Inigo Quilez

Intro

It's 2018, and I'm thinking about the shinny hardware accelerated ray-triangle intersector embedded in NVidia’s new GPUs, and I'm asking myself the following – can we repurpose an ray-triangle intersector for anything else than ray-triangle intersections? Seems like intersecting a ray and triangle is a pretty specialized task, so at first glance one might thing no. But it would be nice if it could be reused for something else. Of course, I have no clue about how NVidia implemented theirs or what their SDK looks like (yet), but I thought I’d tackle it from a mathematical perspective at least, and actually hack a generic software ray-triangle intersector into doing something different.

Part 1 - intersection

So, triangles are cool. But they are the easy part of rendering a film shot. It's hair, fur, grass and cloth that take all the cycles. These are all curve primitives, not triangles. Cubic Bezier (or Catmull-Rom) segments and linear segments are usually employed in film. When it comes to ray-tracing them, there are many options. On the fly tessellation into triangles for regular ray-triangle intersection test is one option. But maybe not the best – for example one can compute the closest distance between the ray and curve segments. This allows for good antialiasing, since the renderer can expand the curve thickness dynamically to match a pixel’s footprint so the primitive gets always rasterized/raysampled. Of course, the curve’s artificially inflated contribution to the pixel has to be adjusted by compensating its coverage by opacity. This inflation can be done with normal triangle tessellation too (Renderman has been doing this since 1997 in the context of rasterization and it works great assuming you have a powerful Order Independent Transparency in place such as per pixel/fragment linked lists or Alpha to Coverage). But computing the closest distance between ray and curve can save lots of tessellation (which means savings in computation and storage).

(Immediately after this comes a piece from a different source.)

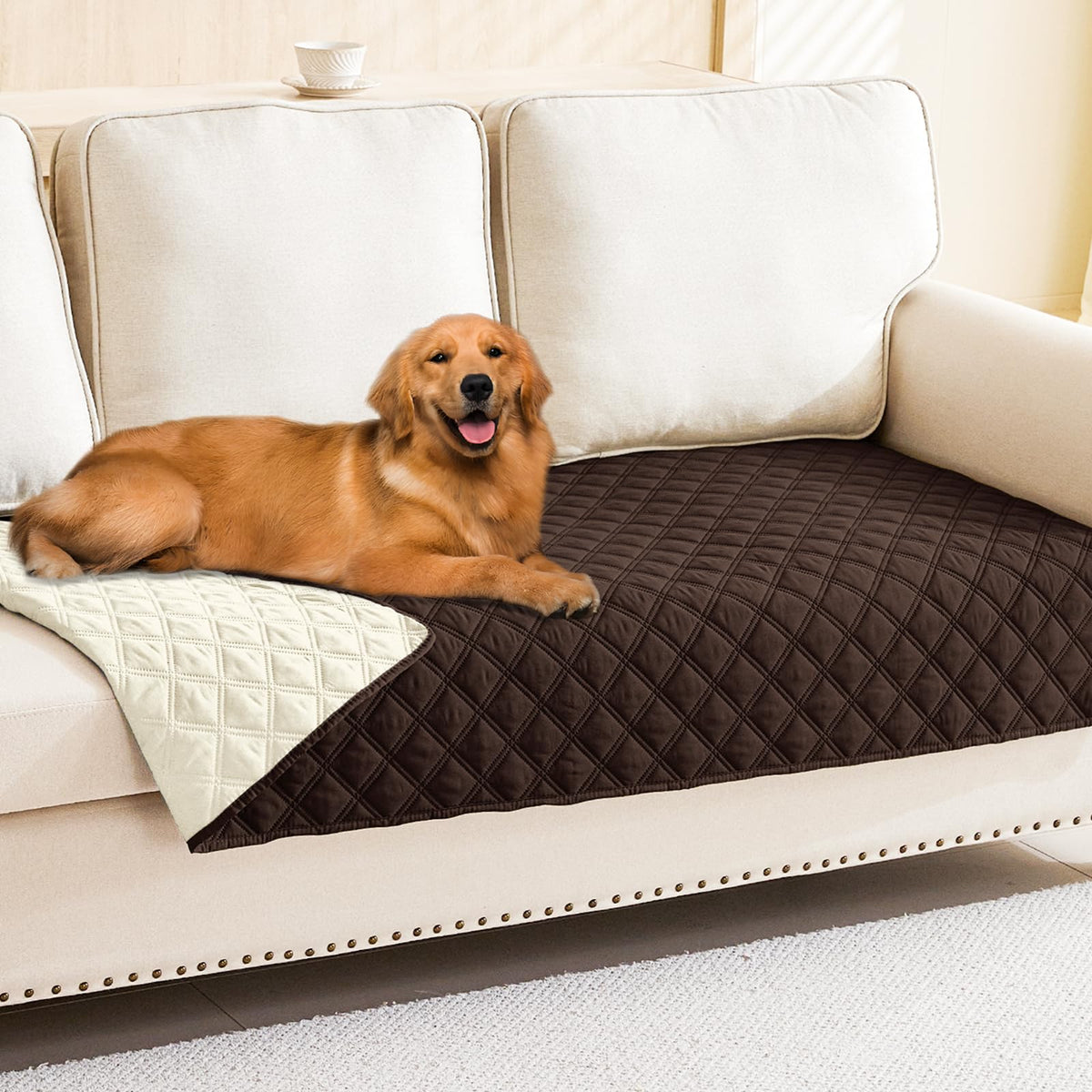Smiry Waterproof Reversible Pet Couch Covers for Dogs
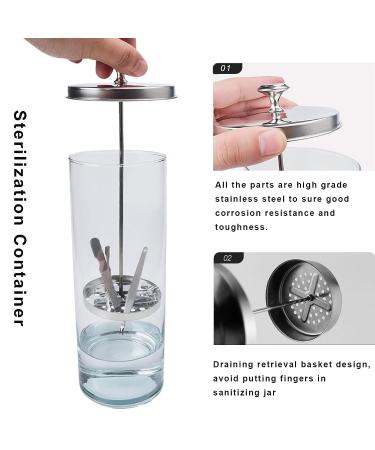 LXIANGN Salon Sterilizer Jar (41 oz) - Glass Cleaning Sanitizing Jar with Removable Basket for Spa, Eyelash Extensions, Nail Tool Sterilization - Buy Online on GoSupps.com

One more reason to be able to compute closest distances from a ray to a linear segment are neon lights, negative lights/occlusion tweaks, lasers and many other effects. Although one can argue that such computation enable “tricks” that are not physically based, I think having the option to break outside the limits of a intersectors and putting others mechanisms for querying global scene information to developers can only bring good things to the field, just like opening programmable shading helped escape the dead-end the hardware Transform and Lighting hardware created. Not that I think hardcoded BVH+ray_tri_intersect() are a dead-end just yet, we still have 4 or 5 years to learn to use it well.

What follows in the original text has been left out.